Calgary Sun | 15Aug2010 | Orest Slepokura
http://www.calgarysun.com/comment/letters/2010/08/15/15027601.html
Who will be the last?
Polling results show public support for Canada’s mission in Afghanistan
waning since 2006.
And only yesterday, our Minister of Defence reassured Canadians that
Canada will indeed withdraw her combat forces from Afghanistan by 2011.

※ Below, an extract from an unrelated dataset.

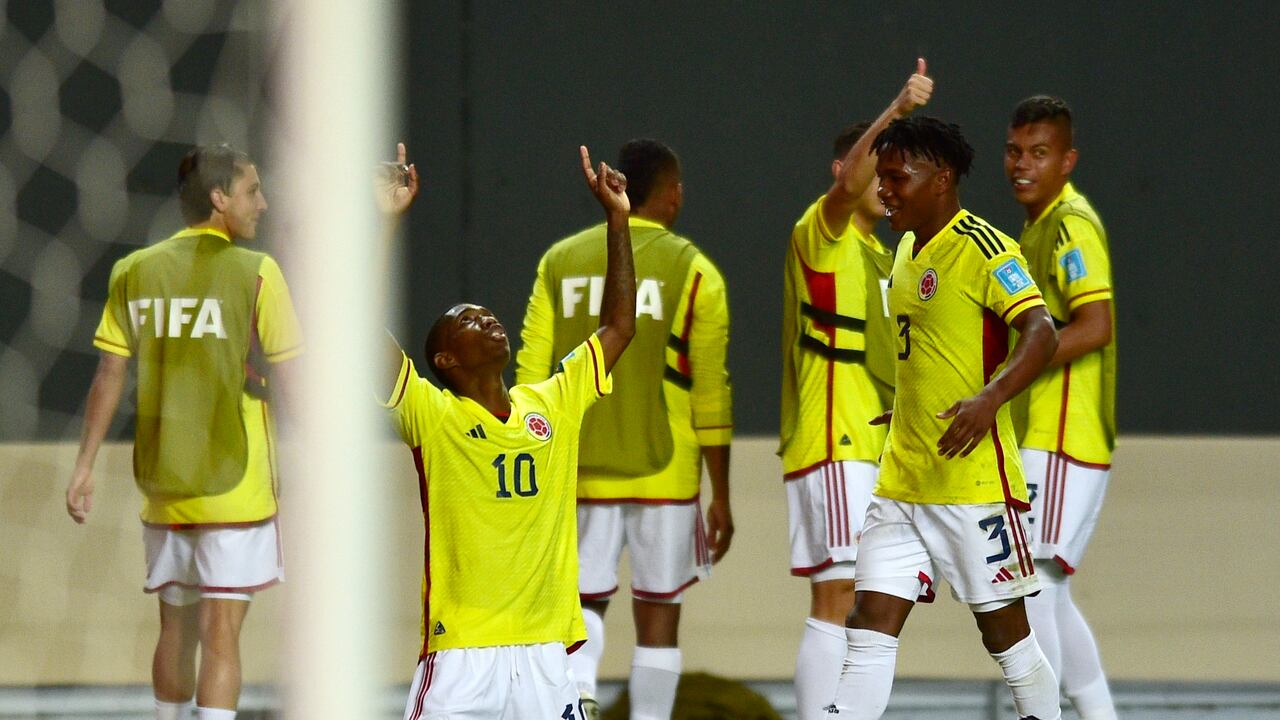 Colombia's Yaser Asprilla (10), celebrates scoring his side's first goal against Japan during a FIFA U-20 World Cup Group C soccer match at Diego Maradona stadium in La Plata, Argentina, Wednesday, May 24, 2023. (AP Photo/Gustavo Garello)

A timetable, an Ipsos Reid survey found, four out of five Canadians
approve of; a knockout victory over the Taliban now being an issue of
less than supreme concern.
This inconclusive denouement poses a most daunting question, similar to
one a young Vietnam War combat veteran put to a U.S. Senate Foreign
Relations Committee in 1971, even as the course of America’s war in
Southeast Asia was drifting sideways. “How,” Navy Lieutenant John Kerry
wondered, “do you ask a man to be the last man to die in Vietnam?”
In this final year of our Afghan mission, with the withdrawal date
nearing and victory remaining ever elusive, we will, implicitly, be
asking a Canadian to be the last Canadian to die for the sake of that
overseas adventure.
How tragic is that?
Orest Slepokura
(Canadian soldiers are
fighting bravely and want to see it through.)